A crise mundial iniciada em 2008 afetou o desempenho da economia brasileira e
a arrecadação tributária em todos os níveis, o que tornou mais difícil a tarefa
dos gestores de recursos públicos de equilibrar adequadamente receitas e
despesas. A imposição pelo governo federal da redução das tarifas de energia
elétrica - a maior fonte do principal tributo estadual, o ICMS - também pode ter
afetado a arrecadação de vários Estados. Mas, apesar da crise e da questionada
política energética do governo Dilma, a arrecadação estadual cresceu 16% acima
da inflação entre 2010 e 2013. Isso indica que o notável aumento do custo da
folha como proporção da receita tributária líquida decorre de decisões dos
governantes.
Trata-se de uma escolha política perigosa para o equilíbrio das finanças
estaduais, cujo colapso, na década de 1990, ameaçava o equilíbrio da economia
brasileira e, por isso, exigiu medidas drásticas para contê-lo. Foi necessária
uma profunda e bilionária renegociação das dívidas estaduais, a eliminação das
principais fontes do endividamento estadual e, em seguida, a imposição de normas
rigorosas de gestão financeira do setor público, por meio da LRF, sancionada em
maio de 2000.
Desde então, os gastos dos Estados, sobretudo do Poder Executivo, com o
funcionalismo vinham se mantendo abaixo do limite prudencial (de 95% do teto
fixado pela LRF) na grande maioria dos Estados. Apenas quatro haviam
ultrapassado o limite prudencial em 2010; no ano passado, já eram nove e outros
dois, cujos gastos com a folha de pessoal vêm crescendo mais do que a receita,
estavam prestes a alcançá-lo.
A deterioração da política fiscal por aumento dos gastos com pessoal é
disseminada. De 16 Estados que não atingiram nenhum dos dois limites, apenas 3
diminuíram proporcionalmente esses gastos.

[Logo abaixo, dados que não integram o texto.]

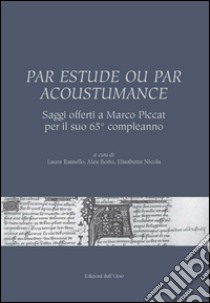 Par estude ou par acoustumance. Saggi offerti a Marco Piccat per il suo 65° compleanno. Ediz. bilingue libro di Ramello L. (cur.); Borio A. (cur.); Nicola E. (cur.)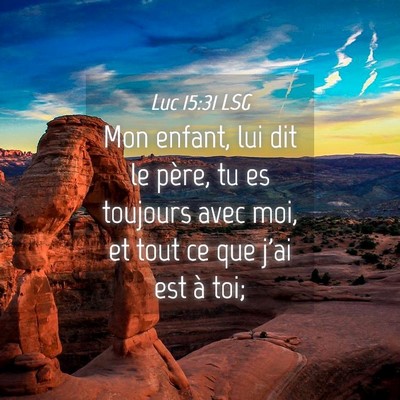 Picture 04 - Luc 15:31 LSG - Mon enfant, lui dit le père, tu es toujours avec - Bible Verse Picture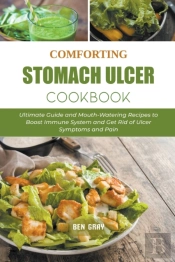 Comforting Stomach Ulcer Cookbook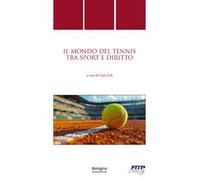 Il mondo del tennis tra sport e diritto
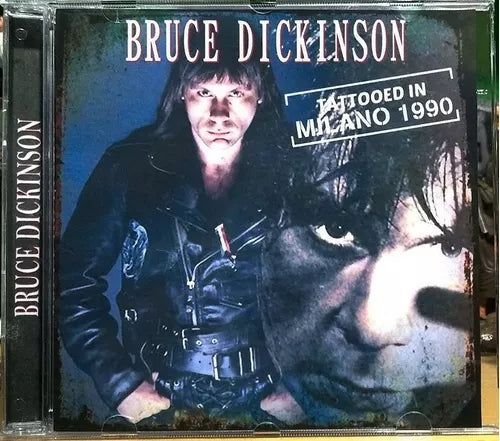 Bruce Dickinson - Tattooed In Milano 1990 CD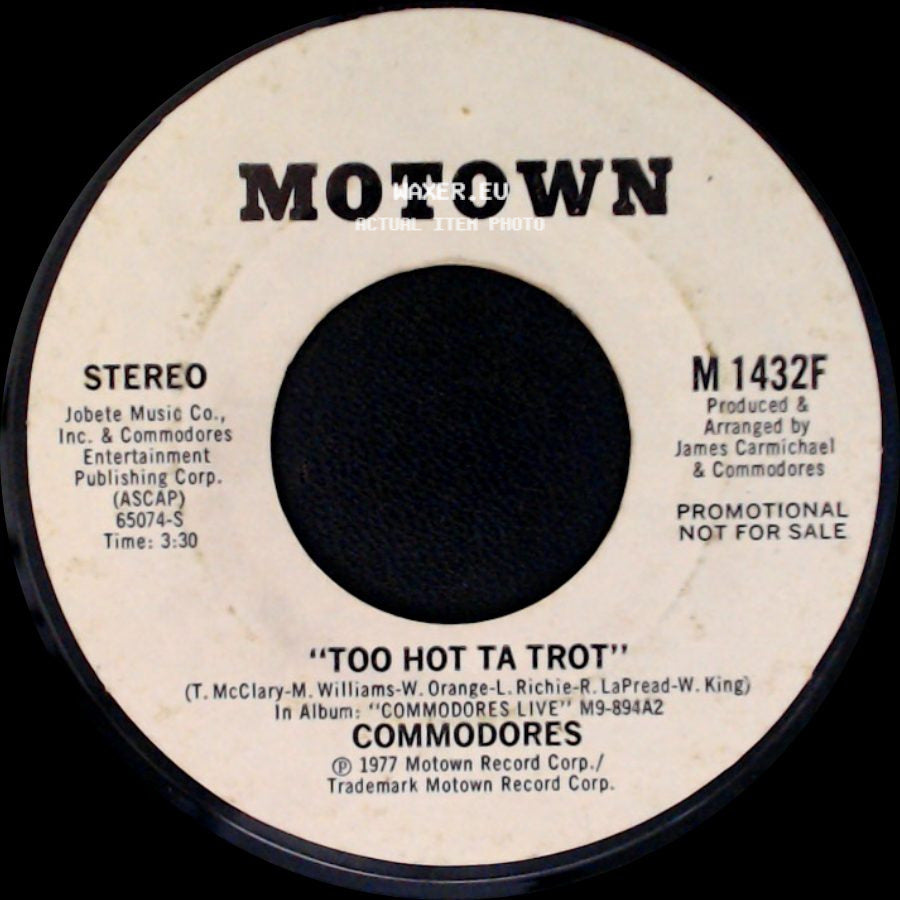 Commodores - Too Hot Ta Trot / Too Hot Ta Trot side B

Esses dados sugerem que o rigor da LRF e da Constituição Federal não parece
mais suficiente para inibir governadores dispostos a beneficiar aliados com
dinheiro do contribuinte. A Constituição é clara ao estabelecer que, excedidos
os limites fixados em lei para os gastos com pessoal, não serão permitidos a
concessão de vantagens ou o aumento de remuneração, nem a criação de cargos,
empregos ou funções, se não houver dotação orçamentária suficiente para esses
gastos. Além disso, o ente que ultrapassar o limite terá de reduzir em 20% os
gastos com cargos em comissão e exonerar servidores não estáveis. Se em
determinado prazo esse ente não tiver contido as despesas nos limites legais,
serão suspensos todos os repasses de verbas federais.
A LRF institui os limites prudenciais para evitar que se chegue a essa
situação. Assim que o limite prudencial é atingido, o Estado ou município não
poderá conceder aumentos, criar cargos, alterar estrutura de carreira que
implique aumento de despesa, preencher cargos vagos e conceder horas extras. Se
o excesso de despesas não for eliminado nos dois quadrimestres seguintes, o
Estado ou município fica sujeito à suspensão das transferências voluntárias e do
direito de contratação de operação de crédito.
O fato de 2014 ser ano eleitoral torna improvável a necessária correção da
gestão financeira dos Estados - se não servir para torná-la ainda pior.